Receptor Overlaps & Avoidance
- AVOID: Immunosuppressive peptides & drugs: Do NOT stack LL-37 with immunosuppressants (corticosteroids >20 mg/day prednisone, tacrolimus, mycophenolate, etc.) as this directly antagonizes LL-37's immune-activating effects. If immunosuppression is clinically necessary, reduce LL-37 dose or discontinue.
- AVOID: Other cationic antimicrobial peptides in high doses: Defensins, lactoferrin, or lysozyme at high doses (>500 µg combined daily) may cause excessive immune activation, excessive mast cell degranulation, and histamine release (flushing, itching, GI upset).
- CAUTION with TLR agonists: If using other TLR4 agonists or immune adjuvants (e.g., LPS mimetics, flagellin), LL-37's LPS-neutralizing effect may reduce immune priming. These can be used together, but requires dose adjustment and monitoring.

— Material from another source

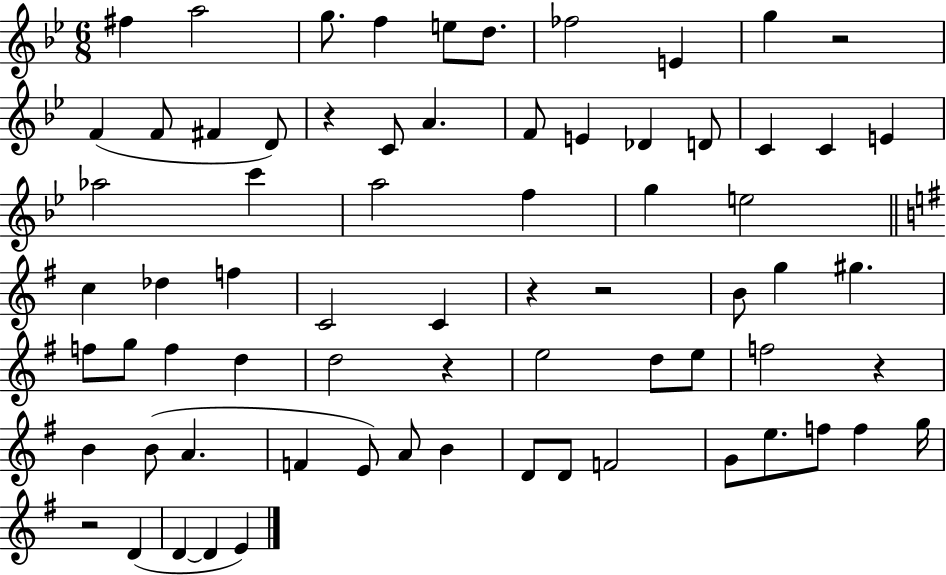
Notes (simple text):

F#5/q A5/h G5/e. F5/q E5/e D5/e. FES5/h E4/q G5/q R/h F4/q F4/e F#4/q D4/e R/q C4/e A4/q. F4/e E4/q Db4/q D4/e C4/q C4/q E4/q Ab5/h C6/q A5/h F5/q G5/q E5/h C5/q Db5/q F5/q C4/h C4/q R/q R/h B4/e G5/q G#5/q. F5/e G5/e F5/q D5/q D5/h R/q E5/h D5/e E5/e F5/h R/q B4/q B4/e A4/q. F4/q E4/e A4/e B4/q D4/e D4/e F4/h G4/e E5/e. F5/e F5/q G5/s R/h D4/q D4/q D4/q E4/q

- Compatible with most healing peptides: LL-37 has no major antagonism with growth factors, collagen-synthesis peptides (GHK-Cu, BPC-157), or neuropeptides.
Safety Profile
LL-37 has an excellent safety record in clinical and preclinical studies:
- Toxicity: LD50 >500 mg/kg (intravenous, rodents); no systemic toxicity at therapeutic doses. Phase I/II human trials (doses up to 2 mg/kg) reported no dose-limiting toxicity.
- Hemolysis & red blood cell damage: LL-37 can cause in vitro hemolysis at very high concentrations (>500 µg/mL); however, physiological doses (<50 µg/mL serum) do not cause RBC lysis.
- Immune activation side effects: Excessive doses (>500 µg daily systemically) may cause transient fever, chills, or fatigue due to TLR and FPR activation; these resolve within 24–48 hours of dose reduction.
- Allergic reactions: Rare; <0.1% incidence. LL-37 is endogenous; allergies are primarily to excipients or formulation additives.
- Kidney function: LL-37 is cleared via renal filtration; in severe kidney disease (eGFR <20), consider dose reduction or monitoring serum LL-37 levels if available.
- Pregnancy & lactation: LL-37 naturally increases in pregnancy; no teratogenicity observed. Safe to use in pregnant and nursing women; it appears in breast milk with antimicrobial benefits for the infant.
- Resistance development: Unlike antibiotics, LL-37 resistance does not emerge even with repeated use; its multi-target mechanism (membrane disruption, biofilm penetration, immune activation) prevents selection of resistant mutants.